§ EXERCISE DATA
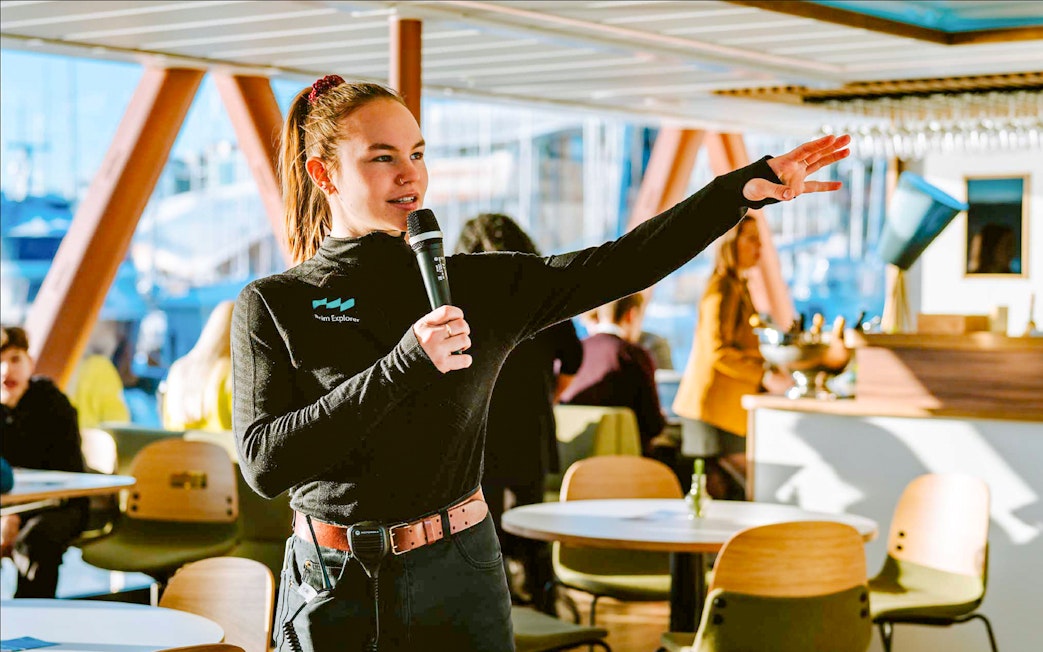 Guide speaking to passengers on a cruise ship.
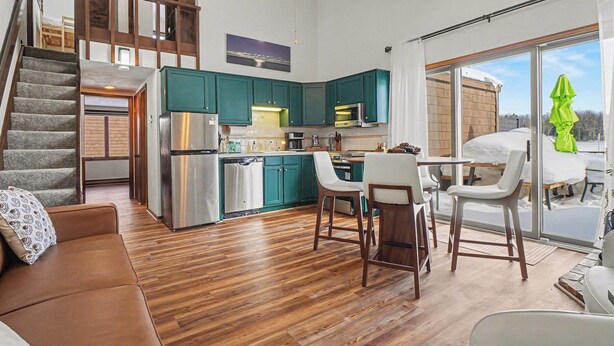 Un'ampia cucina con pavimento in legno, mobili color petrolio e un'area pranzo con sedie bianche.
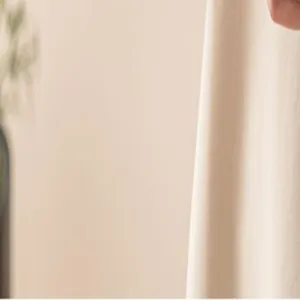 Detailed view of the smooth beige fabric showcasing fine texture and elegant neutral tone.
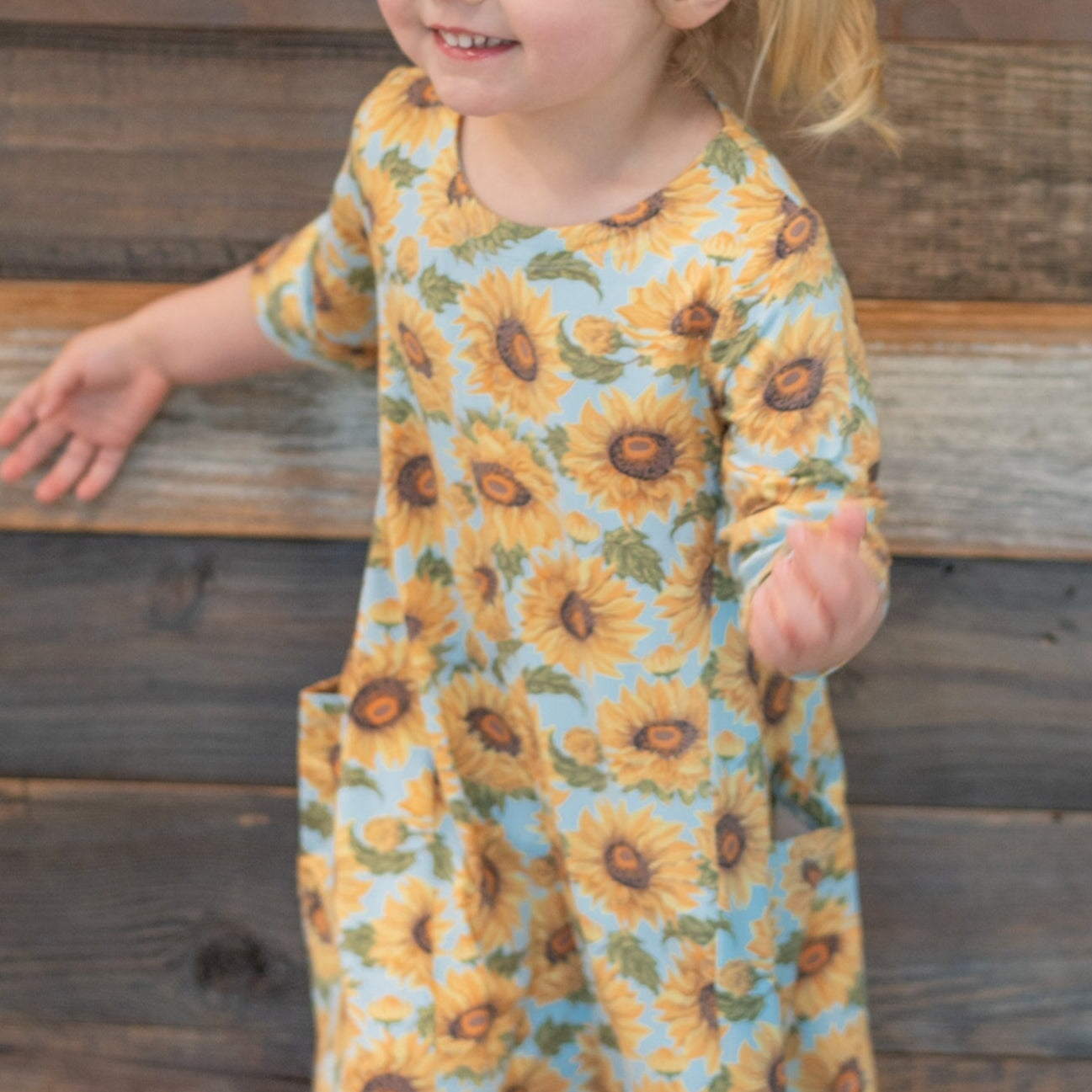 Sunflower print tunic close-up of round neckline and short sleeves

§ EXERCISE BRIEF
Output each of the lines above exactly, apart from the images.

§ YOUR RESPONSE
 Guide speaking to passengers on a cruise ship.
 Un'ampia cucina con pavimento in legno, mobili color petrolio e un'area pranzo con sedie bianche.
 Detailed view of the smooth beige fabric showcasing fine texture and elegant neutral tone.
 Sunflower print tunic close-up of round neckline and short sleeves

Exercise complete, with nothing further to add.